Question about effects of 3rd and other triplen harmonics. I have a situation where large SCR based drives are running motors. The existing system had them operational with the previous generator. The generator was replaced in kind (as in KVA) and even with a larger starting KVA capacity. A PMG type exciting system is used on the new generator. Now when the generator tries to run the SCR drives and run the motors it begins surging and then the control system stops (probably due to sensing the surges and dips in the power system). A drive isolation transformer was placed in line on the output of the generator to see if it helps the situation. It in fact did allow the generator to operate without incident.

Detail on the ATS: The ATS is an overlapping neutral type.

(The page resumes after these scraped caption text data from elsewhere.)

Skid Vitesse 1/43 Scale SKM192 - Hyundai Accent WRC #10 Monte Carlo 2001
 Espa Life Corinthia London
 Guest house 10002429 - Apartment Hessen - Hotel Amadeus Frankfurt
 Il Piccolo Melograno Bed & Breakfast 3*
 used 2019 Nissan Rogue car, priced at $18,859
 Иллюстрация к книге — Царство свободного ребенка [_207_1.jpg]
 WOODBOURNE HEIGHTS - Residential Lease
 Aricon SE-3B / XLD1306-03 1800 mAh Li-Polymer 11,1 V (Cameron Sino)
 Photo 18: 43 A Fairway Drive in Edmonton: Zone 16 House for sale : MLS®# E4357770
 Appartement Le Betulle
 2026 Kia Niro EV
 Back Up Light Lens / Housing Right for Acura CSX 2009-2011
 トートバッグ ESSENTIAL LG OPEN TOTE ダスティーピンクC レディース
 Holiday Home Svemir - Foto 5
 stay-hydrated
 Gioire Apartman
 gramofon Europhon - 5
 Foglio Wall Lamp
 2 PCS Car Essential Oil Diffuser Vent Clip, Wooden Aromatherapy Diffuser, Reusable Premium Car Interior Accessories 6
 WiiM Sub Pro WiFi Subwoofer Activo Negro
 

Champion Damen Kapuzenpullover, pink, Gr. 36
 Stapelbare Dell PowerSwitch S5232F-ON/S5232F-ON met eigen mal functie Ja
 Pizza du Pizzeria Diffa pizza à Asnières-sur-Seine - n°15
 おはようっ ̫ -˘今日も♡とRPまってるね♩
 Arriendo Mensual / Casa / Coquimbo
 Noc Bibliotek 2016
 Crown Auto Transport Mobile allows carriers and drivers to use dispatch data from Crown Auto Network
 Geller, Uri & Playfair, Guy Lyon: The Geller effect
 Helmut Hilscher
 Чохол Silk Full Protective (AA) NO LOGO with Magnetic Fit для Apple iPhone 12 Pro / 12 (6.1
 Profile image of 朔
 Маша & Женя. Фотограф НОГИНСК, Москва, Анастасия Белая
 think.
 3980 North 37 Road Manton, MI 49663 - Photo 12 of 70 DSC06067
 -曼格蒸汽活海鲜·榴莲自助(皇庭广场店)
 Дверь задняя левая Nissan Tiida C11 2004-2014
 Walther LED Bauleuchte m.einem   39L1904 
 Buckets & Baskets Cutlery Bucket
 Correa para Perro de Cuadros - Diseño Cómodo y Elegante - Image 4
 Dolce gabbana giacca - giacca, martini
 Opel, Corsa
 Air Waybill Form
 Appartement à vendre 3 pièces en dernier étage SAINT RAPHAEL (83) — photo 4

My questions is the following. Typically SCR based drive systems produce large 5th and 11th harmonics rather than 3rd and triplen harmonics. To my understanding delta wye transformers (what the drive isolation transformer is) do a good job at trapping the 3rd and triplen harmonics. That being said, my question is if the major source of harmonic distortion is from 5th and 11th harmonics which are negative sequence harmonics, then why when the transformer is connected and filters the triplen harmonics does the installation work? Could it be that the little bit of triplen harmonics found were putting the generator over the edge?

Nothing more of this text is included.